Si rileva ancora, in relazione a talune generiche obiezioni avanzate nel ricorso e riprese dal ricorrente con la memoria, che l’azione di riduzione si esaurisce nel rendere inefficace la disposizione lesiva e non deve necessariamente congiungersi con l’azione di restituzione o di divisione del bene oggetto della disposizione ridotto. La mancata proposizione di una domanda di divisione, congiunta con la domanda di riduzione, è circostanza del tutto irrilevante al fine di riconoscere o negare al legittimario la qualità di terzo ai fini della prova della simulazione di atti compiuti dal de cuius. A questi effetti è sufficiente la proposizione di una domanda con la quale si fa valere la qualità di legittimario in quanto tale, per una esigenza coordinata con la tutela della quota di riserva (Cass. n. 12317/2019).

In quanto alla censura di cui al secondo motivo, la stessa allude a una irrilevante questione terminologica (inefficacia invece che nullità). Nel caso di specie non è minimamente in discussione che la liberalità dissimulata mascherasse una liberalità valida. La nullità del contratto simulato non importava, perciò, l’acquisizione del bene all’asse ereditario, ma la possibilità di aggredire l’atto traslativo con l’azione di riduzione, una volta accertata la reale natura dell’operazione.

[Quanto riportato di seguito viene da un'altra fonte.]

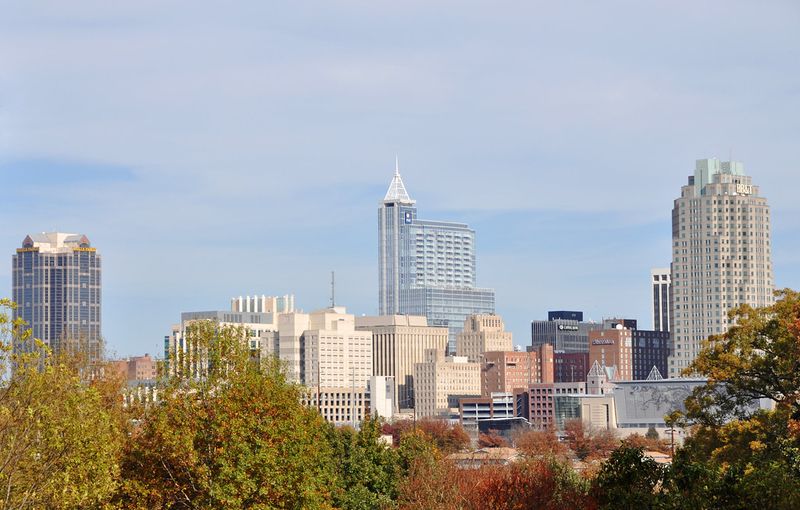 Raleigh, North Carolina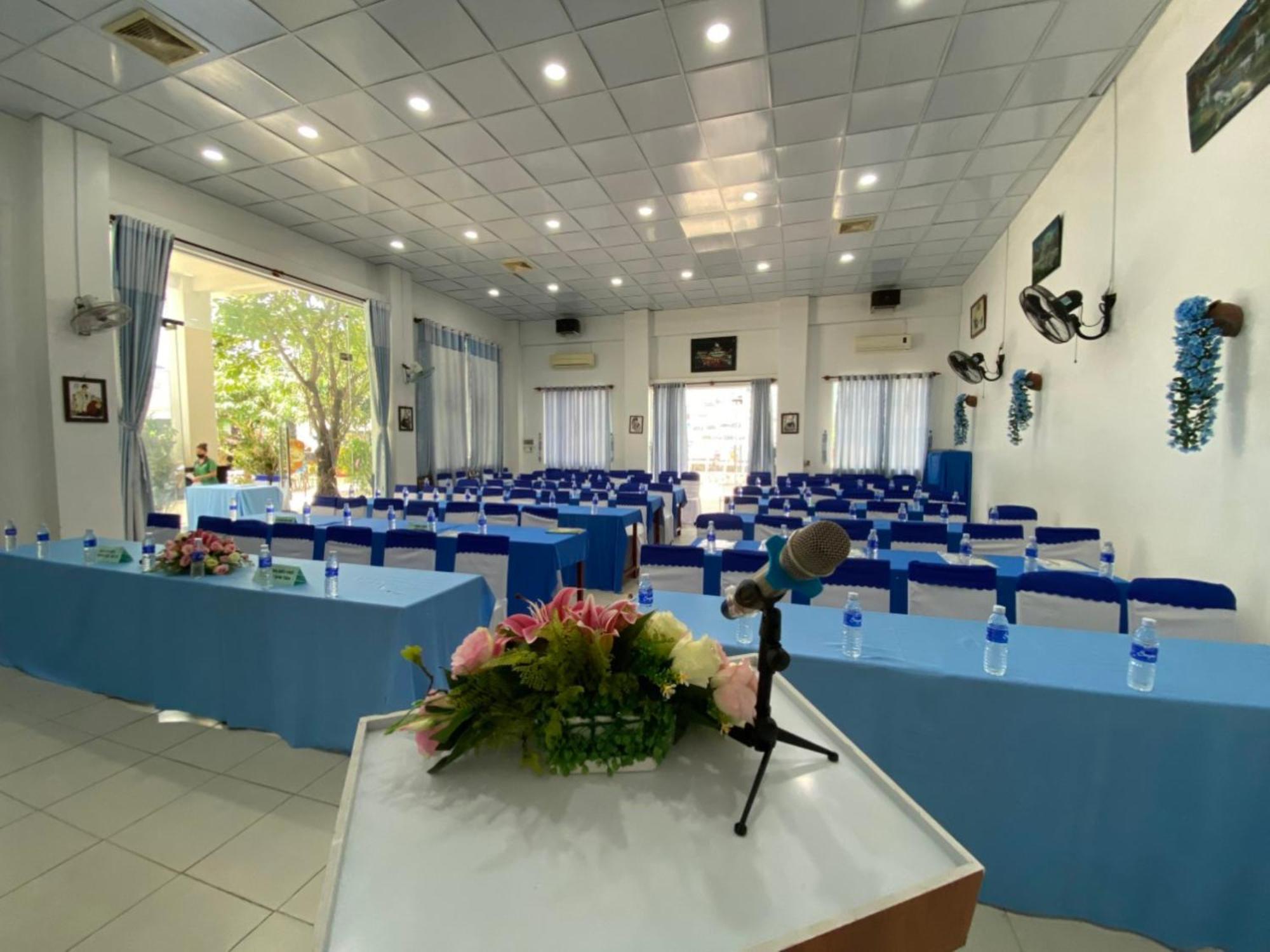 Khach San Ngoc Han Ap Vinh Phu Kültér fotó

Infine, in ordine alla omissione di pronuncia sulle ulteriori domanda dei legittimari, la censura è inammissibile per difetto di interesse. Il relativo vizio potrebbe essere fatto valere solo da coloro che avevano proposto la domanda in ipotesi trascurata dai giudici di merito.

Conclusivamente, il ricorso deve essere rigettato con addebito di spese. Ci sono le condizioni per dare atto D.P.R. n. 115 del 2002, ex art. 13, comma 1-quater, della “sussistenza dei presupposti processuali per il versamento, da parte del ricorrente, di un ulteriore importo a titolo di contributo unificato, pari a quello previsto per il ricorso a norma dello stesso art. 13, comma 1-bis, se dovuto”.

P.Q.M.

rigetta il ricorso; condanna il ricorrente, al pagamento, in favore dei controricorrenti, delle spese del giudizio, che liquida nell’importo di Euro 4.500,00 per compensi, oltre alle spese forfettarie nella misura del 15%, agli esborsi liquidati in Euro 200,00 e agli accessori di legge; ai sensi del D.P.R. n. 115 del 2002, art. 13, comma 1 quater, dà atto della sussistenza dei presupposti processuali per il versamento, da parte del ricorrente, di un ulteriore importo a titolo di contributo unificato, pari a quello previsto per il ricorso a norma dello stesso art. 13, comma 1-bis, se dovuto.

Così deciso in Roma, nella camera di consiglio della 6 – 2 Sezione civile della Corte suprema di cassazione, il 19 maggio 2021.